Creating an individual mandate is just one way that states – generally blue states where Democrats control the legislature – seek to ensure that what many lawmakers view as key advances made by the ACA don’t disappear.
They’re looking to one another as test cases to see how state-level legislation can either buttress or alter the ACA, according to Trish Riley, the executive director of the National Academy for State Health Policy.
“One state will try one approach; others will try it,” Riley said. “It’s an experiment, and an important one.”
Time is short, since most states have limited legislative calendars and are fast approaching the deadlines for insurers to file their 2019 rate plans.
Passing and implementing these kinds of measures will be tough, said Sabrina Corlette, a research professor at Georgetown University’s Health Policy Institute. But “I think there’s still a window of opportunity for states to do something and have an impact on 2019 premiums,” she said.
Maryland’s take on the individual mandate
Maryland’s effort began last April when the state legislature created the Maryland Health Insurance Coverage Protection Commission “both in response to and in anticipation of efforts at the federal level to repeal and replace the ACA,” according to a report by the state’s legislative services department and the commission itself.

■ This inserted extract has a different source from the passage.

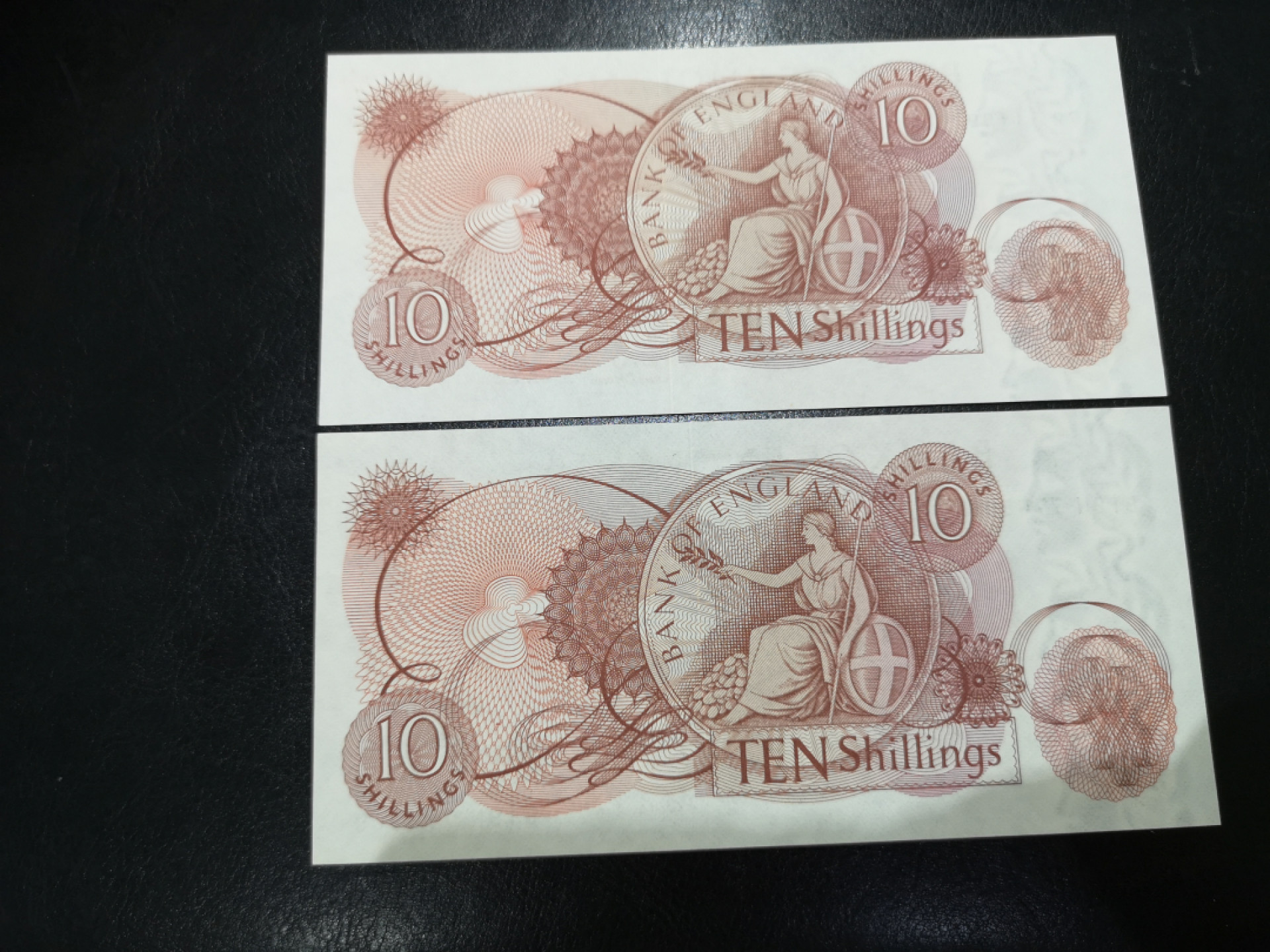 《外钞收藏家》第一百三十期拍卖 英国C序列10先令 两张一起 全新UNC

The commission, chartered for 3 years, is charged with studying how federal action could affect the state’s health insurance market and Medicaid program and offering recommendations to mitigate any negative impacts. The panel began meeting months before the Maryland General Assembly started its 90-day session in January.

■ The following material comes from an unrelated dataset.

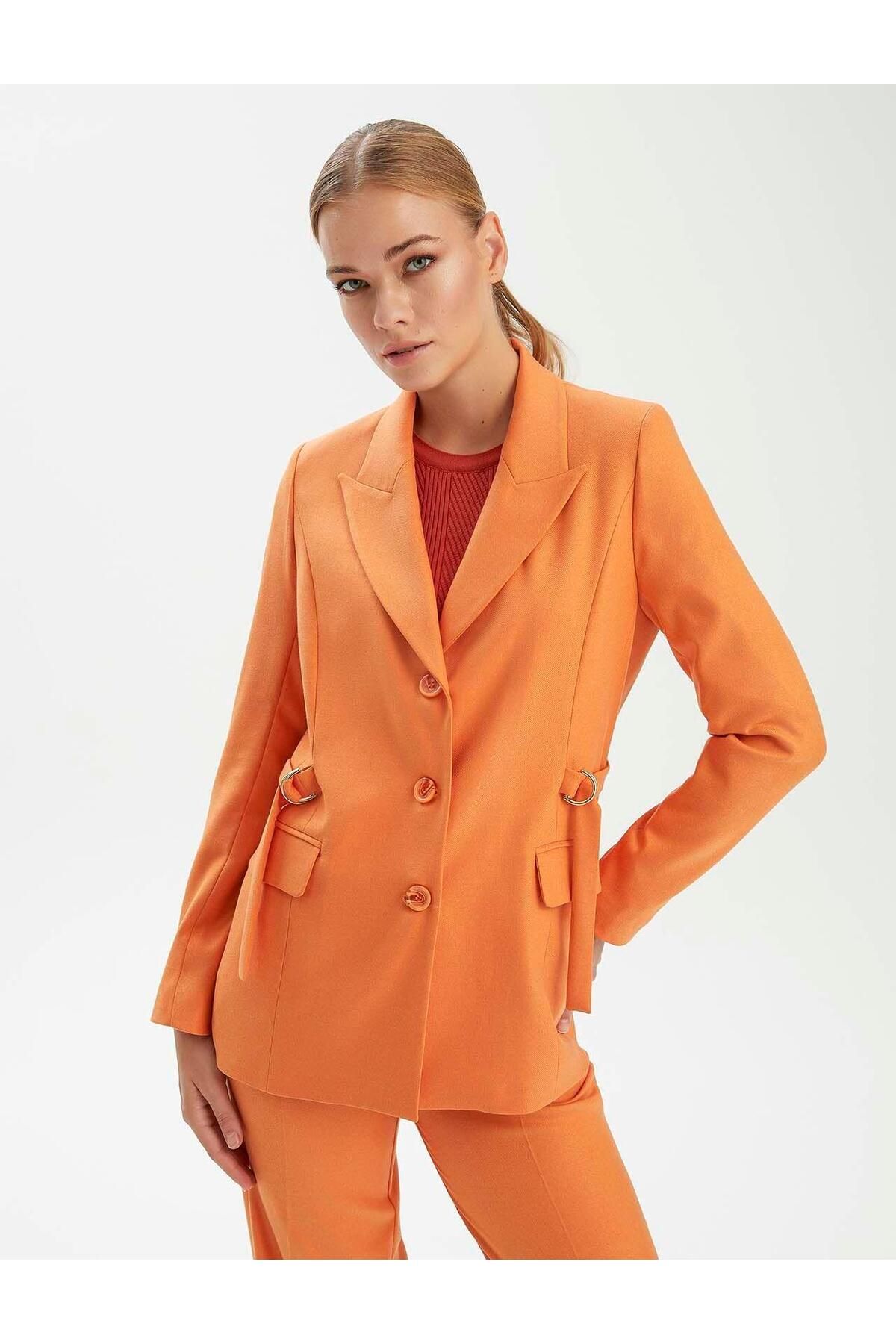 Premium Seri Burnt Orange Kemerli Toka Detaylı Cepli Ceket Premium Seri Burnt Orange Kemerli Toka Detaylı Cepli Ceket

Based on the commission’s initial recommendations, Sen. Brian Feldman and House Del. Joseline Peña-Melnyk introduced the Protect Maryland Health Care Act of 2018, which lays out a framework for preserving an individual mandate in the state.

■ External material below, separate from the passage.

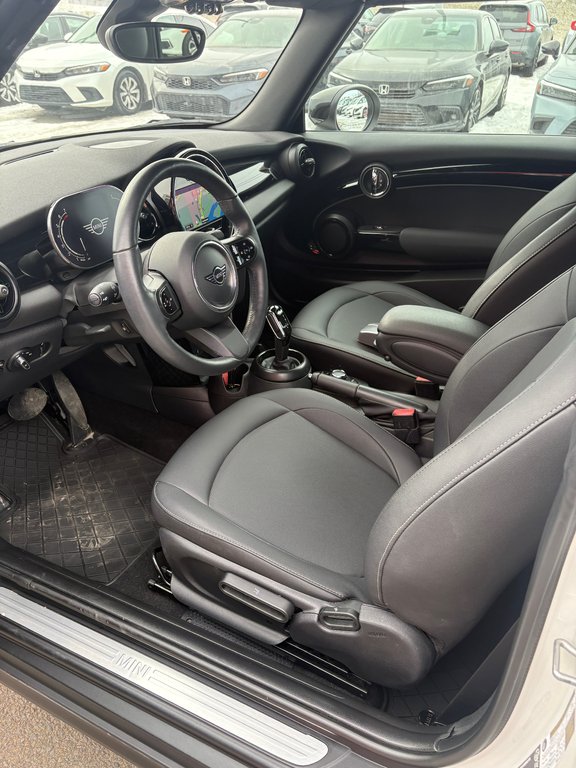 MINI Convertible Cooper 2024 à Lachenaie, Québec - 6 - w1024h768px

The federal individual mandate was put in place to make sure that younger, healthier people joined the insurance risk pool, helping to stabilize the market. The idea is that those relatively healthy customers help cover the insurers’ costs for sicker customers’ care, which keeps premium costs manageable for everyone.
The Congressional Budget Office estimated that 13 million people nationwide would become uninsured without the individual mandate. Some will choose to go without insurance or will not be able to find an affordable plan. Insurers could opt to leave local markets because they could not make money covering only sick patients.
Feldman said insurers and health care experts testified before the commission that Maryland’s insurance exchange would collapse in 2019 if the state didn’t act.
“Because of uncertainty at the federal level, it’s going to be up to states in this arena to pick up the slack and to enact legislation that responds to that uncertainty,” he said.
The federal mandate imposed a tax penalty on people who could afford to but chose not to buy insurance, depositing the money in a general Treasury fund.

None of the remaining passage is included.